Jesucristo, nuestro ejemplo en
todo, se negó a prestar adoración a alguien más que no fuese a Dios. Estando Él
en el desierto –nos cuenta San Lucas–, después de haber pasado allí cuarenta
días y cuarenta noches, orando y ayunando, fue tentado por el Demonio, que le
dice: «Te daré todo este poder y su gloria, porque me han sido entregados y los
doy a quien quiero. Por tanto, si me adoras, todo será tuyo. Y Jesús le
respondió: Escrito está: ‘Adorarás al Señor tu Dios y solamente a Él darás
culto’» (Lc. 4, 6-8).
Adorar a Dios es, pues, un deber
y un precepto que el Señor nos impuso por amor, para darnos ocasión de ser por
Él beneficiados. Esto mismo resalta en el caso siguiente: cuando Moisés
conducía al pueblo de Israel camino de la Tierra Prometida, se detuvo en la
falda del monte Sinaí. Invitado por Dios, Moisés subió a la montaña para
recibir de las manos divinas las tablas de la Ley; mientras él permanecía allí
en la compañía de Dios, el pueblo fabricó un becerro de oro y le prestó culto.

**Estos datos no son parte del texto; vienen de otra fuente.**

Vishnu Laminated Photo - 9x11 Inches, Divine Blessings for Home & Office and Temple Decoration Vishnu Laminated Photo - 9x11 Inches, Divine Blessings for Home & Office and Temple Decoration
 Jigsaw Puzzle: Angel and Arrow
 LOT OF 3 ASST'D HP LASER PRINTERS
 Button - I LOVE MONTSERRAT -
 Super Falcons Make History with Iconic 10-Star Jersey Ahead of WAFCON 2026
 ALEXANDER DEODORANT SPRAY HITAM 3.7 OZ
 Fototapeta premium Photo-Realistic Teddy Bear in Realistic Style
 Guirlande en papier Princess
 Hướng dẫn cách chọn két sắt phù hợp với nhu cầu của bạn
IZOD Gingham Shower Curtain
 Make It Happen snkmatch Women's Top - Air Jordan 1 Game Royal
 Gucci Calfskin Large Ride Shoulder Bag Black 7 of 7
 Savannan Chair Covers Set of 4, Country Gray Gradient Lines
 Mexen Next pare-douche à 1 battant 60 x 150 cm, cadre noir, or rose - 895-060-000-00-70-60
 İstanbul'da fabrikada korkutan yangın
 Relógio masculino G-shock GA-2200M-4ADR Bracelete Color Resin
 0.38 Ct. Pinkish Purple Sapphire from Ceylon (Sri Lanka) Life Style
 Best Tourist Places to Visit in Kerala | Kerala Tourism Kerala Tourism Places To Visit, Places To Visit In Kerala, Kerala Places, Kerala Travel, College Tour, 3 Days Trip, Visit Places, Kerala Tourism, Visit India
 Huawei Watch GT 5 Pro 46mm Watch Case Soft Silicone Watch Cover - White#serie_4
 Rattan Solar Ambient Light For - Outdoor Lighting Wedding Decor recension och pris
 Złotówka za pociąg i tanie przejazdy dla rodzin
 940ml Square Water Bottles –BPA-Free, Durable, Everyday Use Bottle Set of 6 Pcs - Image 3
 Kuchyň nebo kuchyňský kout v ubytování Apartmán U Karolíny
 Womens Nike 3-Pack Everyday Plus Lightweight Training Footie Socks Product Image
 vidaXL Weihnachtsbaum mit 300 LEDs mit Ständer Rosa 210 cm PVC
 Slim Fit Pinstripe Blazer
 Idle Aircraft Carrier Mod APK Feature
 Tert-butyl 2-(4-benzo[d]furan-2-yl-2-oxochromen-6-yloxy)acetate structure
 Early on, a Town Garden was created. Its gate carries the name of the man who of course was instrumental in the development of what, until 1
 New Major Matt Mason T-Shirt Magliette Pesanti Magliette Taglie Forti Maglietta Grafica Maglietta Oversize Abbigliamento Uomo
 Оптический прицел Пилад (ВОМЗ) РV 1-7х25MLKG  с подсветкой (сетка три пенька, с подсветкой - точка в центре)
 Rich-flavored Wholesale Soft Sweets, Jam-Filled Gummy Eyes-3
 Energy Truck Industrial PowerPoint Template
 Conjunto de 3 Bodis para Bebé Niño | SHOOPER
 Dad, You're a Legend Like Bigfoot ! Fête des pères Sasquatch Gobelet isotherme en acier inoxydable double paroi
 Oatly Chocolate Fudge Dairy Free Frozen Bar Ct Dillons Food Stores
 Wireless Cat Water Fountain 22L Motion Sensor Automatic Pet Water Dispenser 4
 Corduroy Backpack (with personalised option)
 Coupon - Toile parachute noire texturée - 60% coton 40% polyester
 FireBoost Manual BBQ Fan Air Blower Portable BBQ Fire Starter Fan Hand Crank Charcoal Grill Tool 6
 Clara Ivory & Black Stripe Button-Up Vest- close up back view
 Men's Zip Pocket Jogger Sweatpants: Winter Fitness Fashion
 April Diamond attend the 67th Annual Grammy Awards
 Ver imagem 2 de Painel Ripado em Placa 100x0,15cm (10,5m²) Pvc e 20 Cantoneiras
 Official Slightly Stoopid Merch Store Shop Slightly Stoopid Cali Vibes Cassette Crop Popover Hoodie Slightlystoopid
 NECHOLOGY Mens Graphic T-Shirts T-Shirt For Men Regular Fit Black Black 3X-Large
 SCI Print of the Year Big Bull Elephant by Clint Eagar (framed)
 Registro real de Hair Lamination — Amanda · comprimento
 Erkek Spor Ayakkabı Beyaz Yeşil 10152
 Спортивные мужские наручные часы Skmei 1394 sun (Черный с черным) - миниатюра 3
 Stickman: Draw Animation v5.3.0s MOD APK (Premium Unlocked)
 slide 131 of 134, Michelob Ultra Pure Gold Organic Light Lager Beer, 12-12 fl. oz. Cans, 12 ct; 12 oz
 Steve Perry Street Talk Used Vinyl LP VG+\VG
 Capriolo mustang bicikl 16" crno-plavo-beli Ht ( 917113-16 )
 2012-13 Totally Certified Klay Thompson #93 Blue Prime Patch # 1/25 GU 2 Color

Dios se indignó mucho con este pecado del pueblo y lo hizo saber a Moisés,
amenazando destruir aquel pueblo idólatra. ¿Qué hace Moisés? Intercede por su
pueblo: «Moisés se echó en seguida a tierra, y prosternándose, dijo: «Señor, si
he hallado gracia a tus ojos, dígnate, Señor, marchar en medio de nosotros,
porque este pueblo es de dura cerviz; perdona nuestras iniquidades y nuestros
pecados y tómanos por heredad tuya» (Ex. 34, 8-9). Fue así cómo él, postrado en
adoración delante de Dios, obtuvo el perdón para el pueblo y la renovación de
la alianza con Dios.
El modo como debemos adorar a
Dios nos aparece descrito por San Juan, en el diálogo de Jesucristo con la
Samaritana. En un momento dado, dice ésta: «Señor, veo que tú eres un profeta.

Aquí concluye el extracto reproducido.